- _WHAT IS REQUIRED_: Somewhere below, one line contains "互換品】オメガ シーマスター 時計 交換ベルト 21mm 22mm ナイロン" and a later line contains "Seamless Transparent Circles". Output those two lines and everything between them exactly, and nothing else.

- _RECORDS FOR THE EXERCISE_:
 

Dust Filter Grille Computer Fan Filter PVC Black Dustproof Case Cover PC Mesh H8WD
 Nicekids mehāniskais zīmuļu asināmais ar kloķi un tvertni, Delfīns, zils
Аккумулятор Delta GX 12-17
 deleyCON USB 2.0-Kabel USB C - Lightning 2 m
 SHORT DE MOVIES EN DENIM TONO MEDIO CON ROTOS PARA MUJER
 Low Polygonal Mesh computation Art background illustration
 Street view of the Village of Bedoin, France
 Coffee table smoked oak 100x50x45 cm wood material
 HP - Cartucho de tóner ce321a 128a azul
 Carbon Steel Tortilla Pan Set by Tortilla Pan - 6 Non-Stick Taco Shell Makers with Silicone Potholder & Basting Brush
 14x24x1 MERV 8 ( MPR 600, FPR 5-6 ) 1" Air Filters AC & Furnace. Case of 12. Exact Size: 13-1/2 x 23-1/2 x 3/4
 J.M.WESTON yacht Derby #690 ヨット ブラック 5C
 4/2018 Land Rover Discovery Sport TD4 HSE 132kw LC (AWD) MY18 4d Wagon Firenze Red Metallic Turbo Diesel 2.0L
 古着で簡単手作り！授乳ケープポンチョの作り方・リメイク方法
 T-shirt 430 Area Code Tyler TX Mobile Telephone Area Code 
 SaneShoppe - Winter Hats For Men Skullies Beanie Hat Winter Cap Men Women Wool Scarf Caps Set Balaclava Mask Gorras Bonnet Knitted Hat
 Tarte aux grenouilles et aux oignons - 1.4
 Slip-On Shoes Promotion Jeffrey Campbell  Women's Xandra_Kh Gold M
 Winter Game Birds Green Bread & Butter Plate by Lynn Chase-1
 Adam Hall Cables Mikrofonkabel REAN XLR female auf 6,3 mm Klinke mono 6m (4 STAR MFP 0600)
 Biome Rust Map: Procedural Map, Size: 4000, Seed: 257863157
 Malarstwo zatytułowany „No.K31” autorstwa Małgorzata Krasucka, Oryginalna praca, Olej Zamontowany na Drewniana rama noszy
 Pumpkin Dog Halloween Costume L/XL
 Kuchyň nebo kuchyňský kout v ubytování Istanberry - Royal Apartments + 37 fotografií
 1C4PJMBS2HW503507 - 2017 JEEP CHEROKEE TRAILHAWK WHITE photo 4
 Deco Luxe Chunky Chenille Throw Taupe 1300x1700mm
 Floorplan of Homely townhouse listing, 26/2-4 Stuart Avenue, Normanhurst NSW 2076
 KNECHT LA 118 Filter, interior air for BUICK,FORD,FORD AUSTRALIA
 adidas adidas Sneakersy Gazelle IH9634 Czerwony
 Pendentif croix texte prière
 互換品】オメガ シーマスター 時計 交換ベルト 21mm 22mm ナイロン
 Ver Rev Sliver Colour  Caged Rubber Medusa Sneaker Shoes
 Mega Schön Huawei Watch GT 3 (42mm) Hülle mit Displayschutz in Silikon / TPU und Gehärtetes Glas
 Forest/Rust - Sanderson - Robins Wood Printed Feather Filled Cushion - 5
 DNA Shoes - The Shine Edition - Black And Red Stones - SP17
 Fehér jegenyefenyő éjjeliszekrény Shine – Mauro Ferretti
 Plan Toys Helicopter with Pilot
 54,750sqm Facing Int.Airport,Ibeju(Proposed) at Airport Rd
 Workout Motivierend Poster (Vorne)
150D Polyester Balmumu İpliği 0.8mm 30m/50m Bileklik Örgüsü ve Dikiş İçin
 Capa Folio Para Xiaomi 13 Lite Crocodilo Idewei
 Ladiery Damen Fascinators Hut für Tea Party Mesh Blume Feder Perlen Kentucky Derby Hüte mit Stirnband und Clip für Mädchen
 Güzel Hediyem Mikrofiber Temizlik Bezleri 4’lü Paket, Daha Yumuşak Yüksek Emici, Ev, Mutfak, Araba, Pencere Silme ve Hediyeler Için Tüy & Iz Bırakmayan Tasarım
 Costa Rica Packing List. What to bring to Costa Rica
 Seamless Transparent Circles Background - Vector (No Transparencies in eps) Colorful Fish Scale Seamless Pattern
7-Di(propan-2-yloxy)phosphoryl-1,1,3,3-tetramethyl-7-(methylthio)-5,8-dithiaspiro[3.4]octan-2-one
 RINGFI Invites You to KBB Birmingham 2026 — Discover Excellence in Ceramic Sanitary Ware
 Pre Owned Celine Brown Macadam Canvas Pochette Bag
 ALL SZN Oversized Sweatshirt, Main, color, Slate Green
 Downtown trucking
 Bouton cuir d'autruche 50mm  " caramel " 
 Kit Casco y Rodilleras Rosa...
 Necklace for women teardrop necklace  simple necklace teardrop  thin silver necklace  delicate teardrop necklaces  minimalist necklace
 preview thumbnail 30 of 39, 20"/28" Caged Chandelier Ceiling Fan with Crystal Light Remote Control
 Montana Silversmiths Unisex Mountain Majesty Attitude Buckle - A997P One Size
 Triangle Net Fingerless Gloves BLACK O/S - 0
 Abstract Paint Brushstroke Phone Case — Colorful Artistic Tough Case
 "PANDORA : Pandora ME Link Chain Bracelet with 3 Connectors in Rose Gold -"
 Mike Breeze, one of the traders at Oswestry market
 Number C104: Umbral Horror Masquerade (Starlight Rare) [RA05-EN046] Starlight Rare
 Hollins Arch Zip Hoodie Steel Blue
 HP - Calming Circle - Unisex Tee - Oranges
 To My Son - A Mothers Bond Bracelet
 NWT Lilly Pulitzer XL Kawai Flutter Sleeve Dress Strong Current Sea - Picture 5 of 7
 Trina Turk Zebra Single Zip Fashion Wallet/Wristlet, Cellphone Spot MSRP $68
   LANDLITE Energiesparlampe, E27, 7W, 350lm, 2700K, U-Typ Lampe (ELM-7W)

- _EXERCISE SOLUTION_:
 互換品】オメガ シーマスター 時計 交換ベルト 21mm 22mm ナイロン
 Ver Rev Sliver Colour  Caged Rubber Medusa Sneaker Shoes
 Mega Schön Huawei Watch GT 3 (42mm) Hülle mit Displayschutz in Silikon / TPU und Gehärtetes Glas
 Forest/Rust - Sanderson - Robins Wood Printed Feather Filled Cushion - 5
 DNA Shoes - The Shine Edition - Black And Red Stones - SP17
 Fehér jegenyefenyő éjjeliszekrény Shine – Mauro Ferretti
 Plan Toys Helicopter with Pilot
 54,750sqm Facing Int.Airport,Ibeju(Proposed) at Airport Rd
 Workout Motivierend Poster (Vorne)
150D Polyester Balmumu İpliği 0.8mm 30m/50m Bileklik Örgüsü ve Dikiş İçin
 Capa Folio Para Xiaomi 13 Lite Crocodilo Idewei
 Ladiery Damen Fascinators Hut für Tea Party Mesh Blume Feder Perlen Kentucky Derby Hüte mit Stirnband und Clip für Mädchen
 Güzel Hediyem Mikrofiber Temizlik Bezleri 4’lü Paket, Daha Yumuşak Yüksek Emici, Ev, Mutfak, Araba, Pencere Silme ve Hediyeler Için Tüy & Iz Bırakmayan Tasarım
 Costa Rica Packing List. What to bring to Costa Rica
 Seamless Transparent Circles Background - Vector (No Transparencies in eps) Colorful Fish Scale Seamless Pattern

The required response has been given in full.